Business Details

Hotel: California Bungalow Hotel

Big Hotel On North Side

Lusk Standard, April 4, 1919

The Lusk Development and Improvement Company will soon start on the construction of the new California Bungalow hotel, which will be erected in the Tom Bell addition to Lusk, which lies north of the railroad tracks.  The new hotel will be on the north bank of Running Water, facing Main Street on the west. 
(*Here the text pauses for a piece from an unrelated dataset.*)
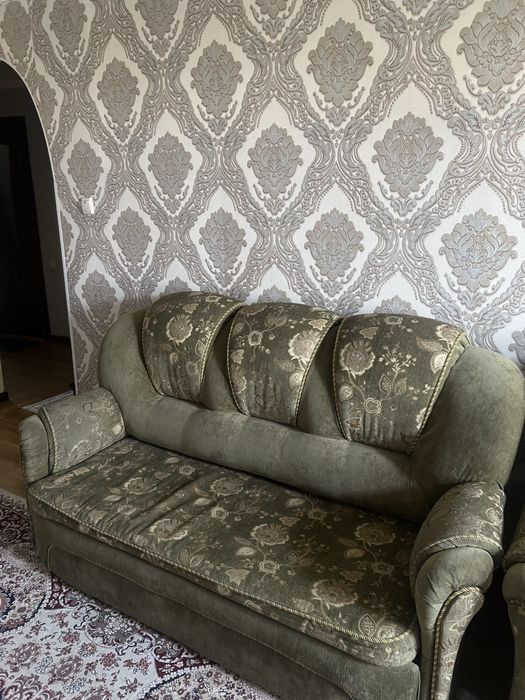 Продаю диван с креслами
In some ways the new hotel will be very unique in design.  It will have a 100-foot front with a porch ten feet in depth, running the entire length of the front.  The structure will be 200 feet deep and will contain, when completed, 65 rooms, about 10 x 12 feet, also provided with a large wash room, containing lavatories and showers. 

A large comfortable office and lounging room will greet the guests, and adjacent thereto will be a three-chair barber shop with the latest style furnishings obtainable.  At the right of the lobby is a large entrance leading into the spacious dining room, 36 x 30 feet.  The kitchen will be large and built conveniently, with ample store room and provisions closets.  The building is to be of frame construction and is built around a large and deep light court, so that all rooms will be outside ones.  The interior finish will be of yellow pine and slash grained fir.  The furniture and decorations will all be along modern lines.  The entire structure is being erected at a cost of approximately $50,000 and is to be completed within 60 days.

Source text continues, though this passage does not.